* [Source material]
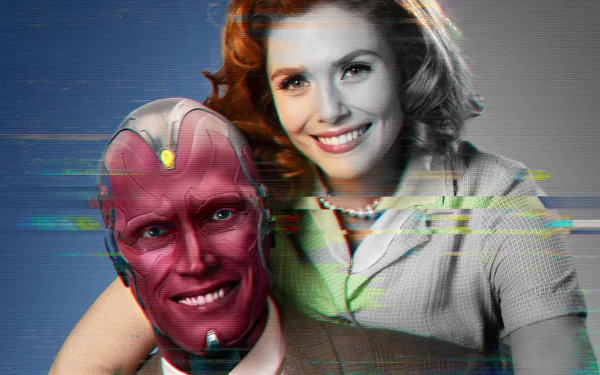 Paul Bettany Vision (Marvel Comics) Scarlet Witch Elizabeth Olsen Wanda Maximoff TV Show WandaVision HD Desktop Wallpaper | Background Image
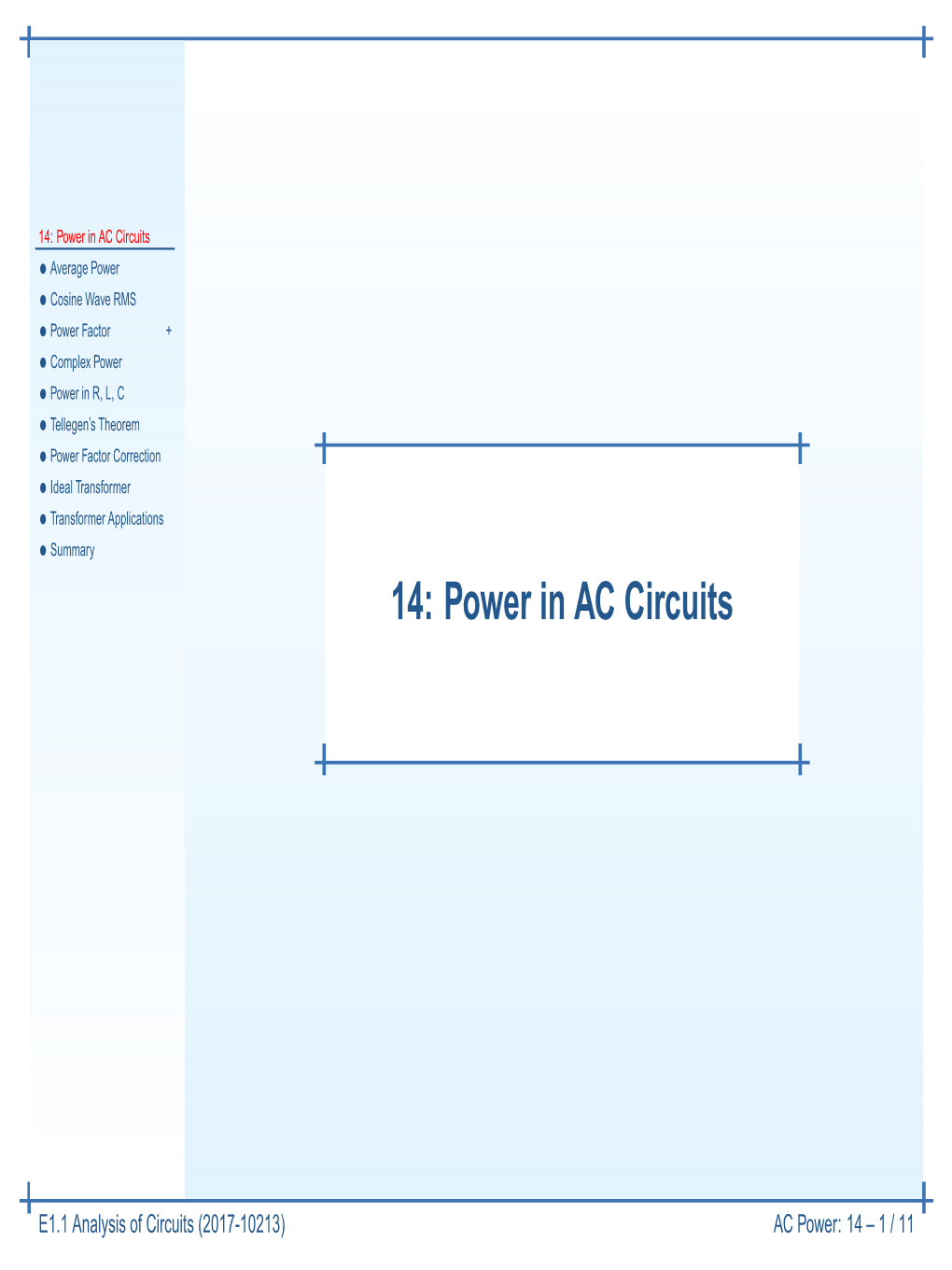 14: Power in AC Circuits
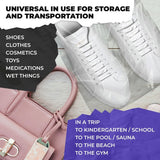 Clear Drawstring Travel Bags for Shoes, 12 x 16 Inches. Pack of 100 Waterproof Dust Bags for Shoes with Double Cotton Drawstrings. 2 mil PE Plastic Drawstring Bags for Packing, Storage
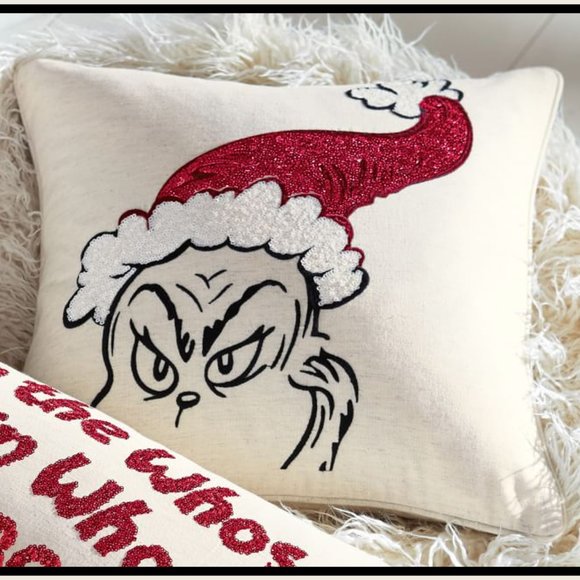 NEW RARE Pottery Barn Dr. Seuss's The Grinch Pillow Cover 18" square - Picture 3 of 3
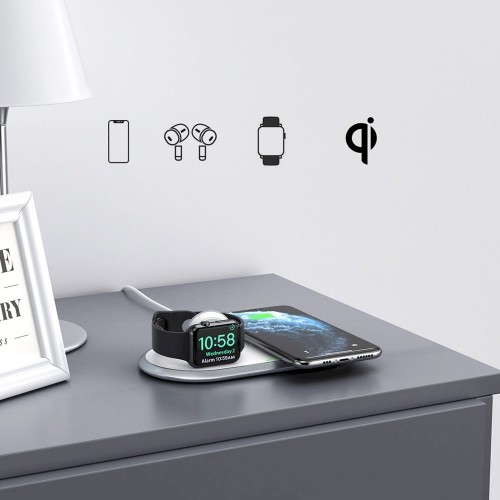 Choetech Qi 2in1 wireless charger for smartphones / Apple Watch with stand (MFI) USB Type C white (T317) image 2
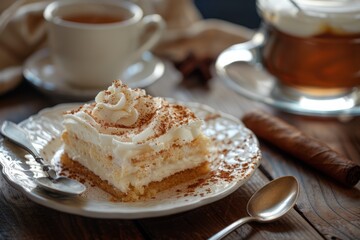 A plate of catalan cream with a spoon on a wooden table and a cuban cigar. Cake Slice,Pastry,Bubble Tea. 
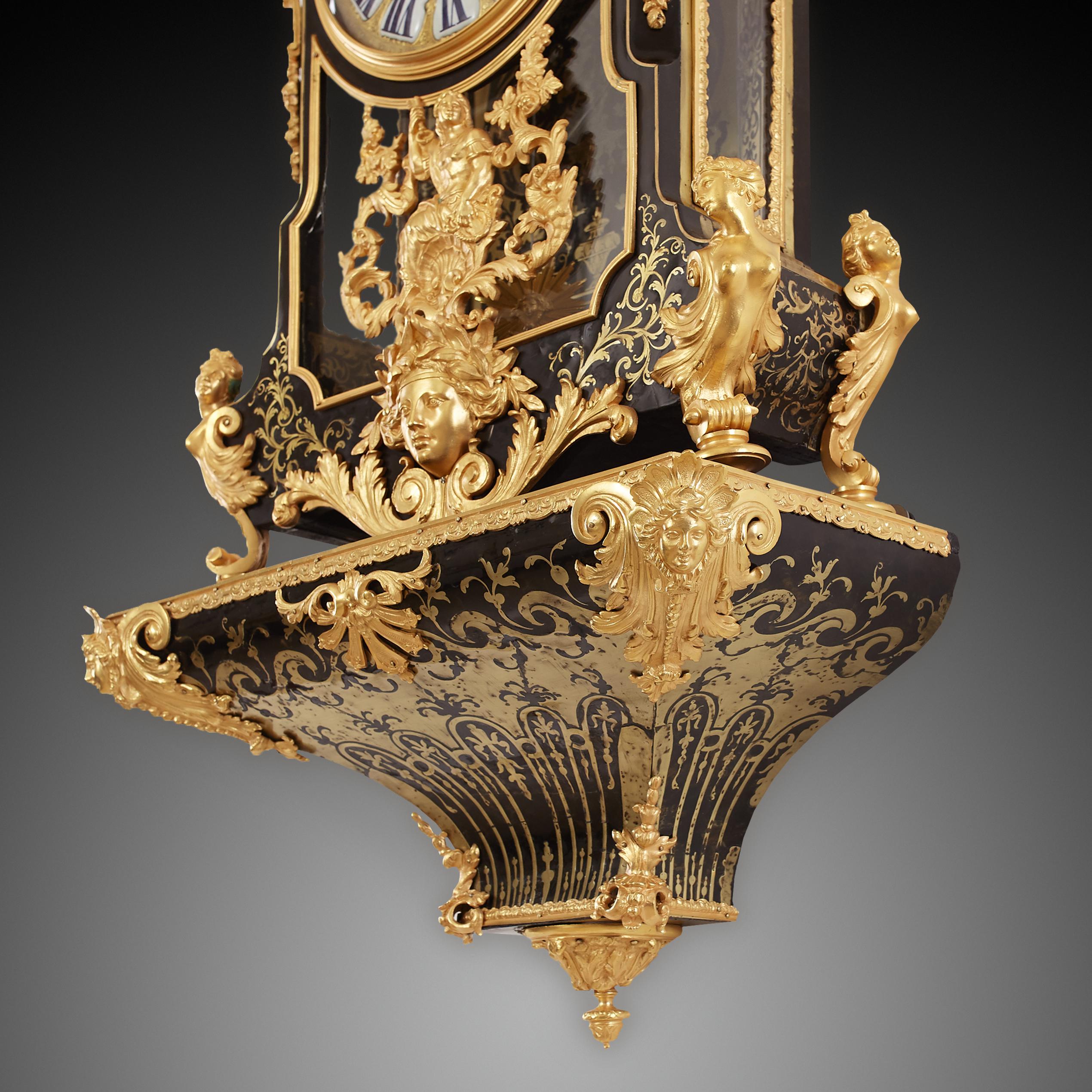 Boulle style clock large French gilt bronze bracket 7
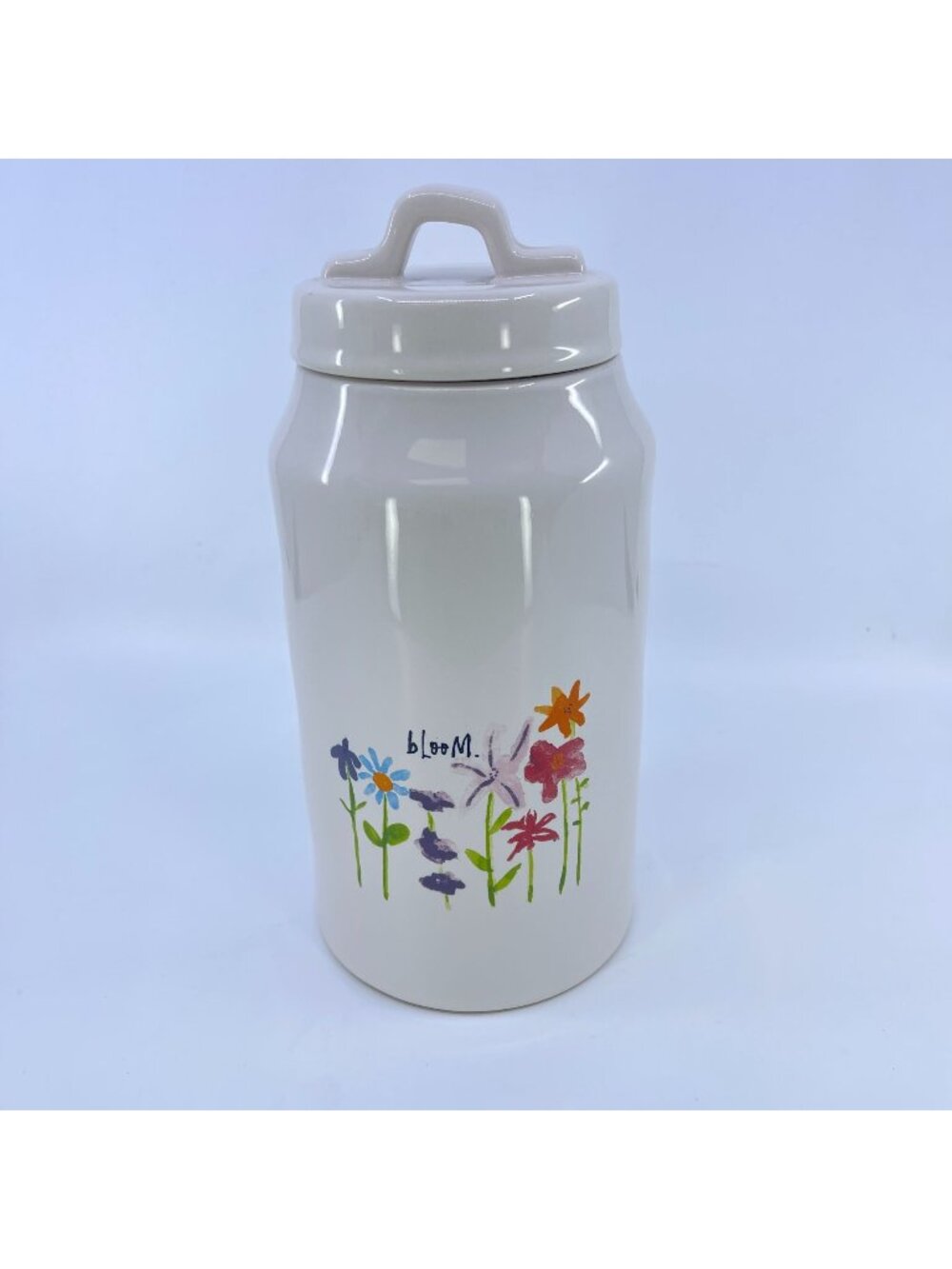 rae dunn artisan collection large ceramic canister with lid floral design white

* [Problem statement] Begin at the line with "Clear Drawstring Travel" and retype exactly every line through the last one of the entries above, both included, and nothing more; pictures stay out.

* [Your solution]
 Clear Drawstring Travel Bags for Shoes, 12 x 16 Inches. Pack of 100 Waterproof Dust Bags for Shoes with Double Cotton Drawstrings. 2 mil PE Plastic Drawstring Bags for Packing, Storage
 NEW RARE Pottery Barn Dr. Seuss's The Grinch Pillow Cover 18" square - Picture 3 of 3
 Choetech Qi 2in1 wireless charger for smartphones / Apple Watch with stand (MFI) USB Type C white (T317) image 2
 A plate of catalan cream with a spoon on a wooden table and a cuban cigar. Cake Slice,Pastry,Bubble Tea. 
 Boulle style clock large French gilt bronze bracket 7
 rae dunn artisan collection large ceramic canister with lid floral design white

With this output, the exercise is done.